▸ INSTRUCTIONS FOR THE TASK
Return each line below holding the string "Black".

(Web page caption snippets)
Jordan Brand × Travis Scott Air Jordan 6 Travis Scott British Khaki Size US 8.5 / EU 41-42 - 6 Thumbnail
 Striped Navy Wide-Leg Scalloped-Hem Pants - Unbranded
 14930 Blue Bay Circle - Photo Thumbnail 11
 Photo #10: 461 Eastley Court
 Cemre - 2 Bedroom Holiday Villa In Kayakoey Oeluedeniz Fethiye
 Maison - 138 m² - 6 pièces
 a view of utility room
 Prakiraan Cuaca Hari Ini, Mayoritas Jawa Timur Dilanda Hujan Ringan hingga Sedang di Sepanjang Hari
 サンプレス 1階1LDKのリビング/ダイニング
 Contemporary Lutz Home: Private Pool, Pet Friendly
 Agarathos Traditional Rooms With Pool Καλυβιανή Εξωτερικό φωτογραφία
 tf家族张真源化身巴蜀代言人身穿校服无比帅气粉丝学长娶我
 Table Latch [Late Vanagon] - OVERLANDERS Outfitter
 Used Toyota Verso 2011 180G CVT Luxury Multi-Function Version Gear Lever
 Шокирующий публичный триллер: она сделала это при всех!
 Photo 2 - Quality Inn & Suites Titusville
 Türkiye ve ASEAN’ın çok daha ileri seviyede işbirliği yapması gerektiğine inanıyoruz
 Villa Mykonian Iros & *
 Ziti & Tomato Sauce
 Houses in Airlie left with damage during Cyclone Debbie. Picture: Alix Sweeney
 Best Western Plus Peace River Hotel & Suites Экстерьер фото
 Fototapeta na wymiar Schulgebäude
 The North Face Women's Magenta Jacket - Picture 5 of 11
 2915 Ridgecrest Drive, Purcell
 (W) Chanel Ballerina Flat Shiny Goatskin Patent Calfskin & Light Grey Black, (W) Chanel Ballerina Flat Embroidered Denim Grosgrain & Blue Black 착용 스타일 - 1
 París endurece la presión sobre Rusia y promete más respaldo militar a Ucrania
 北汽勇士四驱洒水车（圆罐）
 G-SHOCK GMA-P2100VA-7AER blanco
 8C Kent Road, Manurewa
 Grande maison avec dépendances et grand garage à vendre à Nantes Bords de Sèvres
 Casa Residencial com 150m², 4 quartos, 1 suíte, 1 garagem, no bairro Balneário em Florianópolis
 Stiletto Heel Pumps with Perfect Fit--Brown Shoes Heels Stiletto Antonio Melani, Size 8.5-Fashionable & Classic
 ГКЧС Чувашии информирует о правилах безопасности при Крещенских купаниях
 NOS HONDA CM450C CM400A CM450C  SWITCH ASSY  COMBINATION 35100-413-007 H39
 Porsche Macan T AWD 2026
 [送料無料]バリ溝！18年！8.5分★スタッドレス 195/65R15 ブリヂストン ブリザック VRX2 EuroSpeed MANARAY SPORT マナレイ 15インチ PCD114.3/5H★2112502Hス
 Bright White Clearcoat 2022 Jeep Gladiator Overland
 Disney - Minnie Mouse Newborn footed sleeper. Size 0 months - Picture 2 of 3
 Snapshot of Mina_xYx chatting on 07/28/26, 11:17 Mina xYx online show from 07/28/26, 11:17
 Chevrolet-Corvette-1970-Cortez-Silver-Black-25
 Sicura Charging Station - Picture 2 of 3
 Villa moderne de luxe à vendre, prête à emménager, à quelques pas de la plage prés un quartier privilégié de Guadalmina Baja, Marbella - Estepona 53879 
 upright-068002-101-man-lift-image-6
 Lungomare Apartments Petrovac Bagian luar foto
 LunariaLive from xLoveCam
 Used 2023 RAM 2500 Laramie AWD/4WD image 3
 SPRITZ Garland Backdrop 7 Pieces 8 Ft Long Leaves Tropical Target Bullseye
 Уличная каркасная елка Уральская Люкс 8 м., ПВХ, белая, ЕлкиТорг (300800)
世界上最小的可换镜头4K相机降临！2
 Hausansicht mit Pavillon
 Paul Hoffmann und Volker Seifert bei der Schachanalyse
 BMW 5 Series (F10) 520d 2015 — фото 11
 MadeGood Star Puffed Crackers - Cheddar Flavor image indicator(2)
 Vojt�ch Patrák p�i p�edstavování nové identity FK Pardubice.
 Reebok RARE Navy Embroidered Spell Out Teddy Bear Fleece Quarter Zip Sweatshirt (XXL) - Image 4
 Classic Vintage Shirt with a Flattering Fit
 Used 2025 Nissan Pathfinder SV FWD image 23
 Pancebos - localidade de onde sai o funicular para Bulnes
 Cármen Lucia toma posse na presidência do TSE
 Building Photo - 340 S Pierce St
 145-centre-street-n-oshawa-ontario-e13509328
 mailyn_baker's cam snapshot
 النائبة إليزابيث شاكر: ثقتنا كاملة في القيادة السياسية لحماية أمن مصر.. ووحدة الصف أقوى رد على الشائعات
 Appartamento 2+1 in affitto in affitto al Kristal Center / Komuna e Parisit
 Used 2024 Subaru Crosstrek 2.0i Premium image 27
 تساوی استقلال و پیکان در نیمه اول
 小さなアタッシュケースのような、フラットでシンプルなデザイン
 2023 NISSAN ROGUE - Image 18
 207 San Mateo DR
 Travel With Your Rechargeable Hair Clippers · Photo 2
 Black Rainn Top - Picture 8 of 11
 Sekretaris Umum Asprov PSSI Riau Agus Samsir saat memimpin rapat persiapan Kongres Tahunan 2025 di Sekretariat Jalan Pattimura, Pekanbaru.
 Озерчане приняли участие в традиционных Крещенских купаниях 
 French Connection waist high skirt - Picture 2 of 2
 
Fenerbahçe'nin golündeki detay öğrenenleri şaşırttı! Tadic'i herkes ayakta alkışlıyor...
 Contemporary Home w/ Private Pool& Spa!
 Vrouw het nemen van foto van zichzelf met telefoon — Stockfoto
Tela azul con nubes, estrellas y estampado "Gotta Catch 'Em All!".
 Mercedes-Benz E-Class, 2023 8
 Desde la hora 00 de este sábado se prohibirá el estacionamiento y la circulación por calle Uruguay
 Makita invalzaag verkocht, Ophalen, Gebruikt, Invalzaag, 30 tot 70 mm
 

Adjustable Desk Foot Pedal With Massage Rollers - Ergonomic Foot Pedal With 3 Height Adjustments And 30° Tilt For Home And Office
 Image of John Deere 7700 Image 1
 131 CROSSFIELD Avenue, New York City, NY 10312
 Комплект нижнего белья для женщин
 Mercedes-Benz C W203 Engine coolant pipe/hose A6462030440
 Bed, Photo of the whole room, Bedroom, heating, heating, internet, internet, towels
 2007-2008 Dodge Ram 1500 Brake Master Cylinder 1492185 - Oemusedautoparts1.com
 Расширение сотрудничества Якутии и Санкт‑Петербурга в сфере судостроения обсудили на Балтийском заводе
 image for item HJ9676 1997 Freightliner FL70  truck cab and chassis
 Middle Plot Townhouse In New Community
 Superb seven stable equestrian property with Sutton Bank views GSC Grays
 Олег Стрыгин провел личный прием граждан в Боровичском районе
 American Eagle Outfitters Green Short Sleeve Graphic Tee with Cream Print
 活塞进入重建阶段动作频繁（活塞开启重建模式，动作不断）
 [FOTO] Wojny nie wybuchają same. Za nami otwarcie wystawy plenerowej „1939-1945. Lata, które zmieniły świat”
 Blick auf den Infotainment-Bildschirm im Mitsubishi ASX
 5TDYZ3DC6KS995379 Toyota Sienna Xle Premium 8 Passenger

▸ TASK OUTPUT
 (W) Chanel Ballerina Flat Shiny Goatskin Patent Calfskin & Light Grey Black, (W) Chanel Ballerina Flat Embroidered Denim Grosgrain & Blue Black 착용 스타일 - 1
 Chevrolet-Corvette-1970-Cortez-Silver-Black-25
 Black Rainn Top - Picture 8 of 11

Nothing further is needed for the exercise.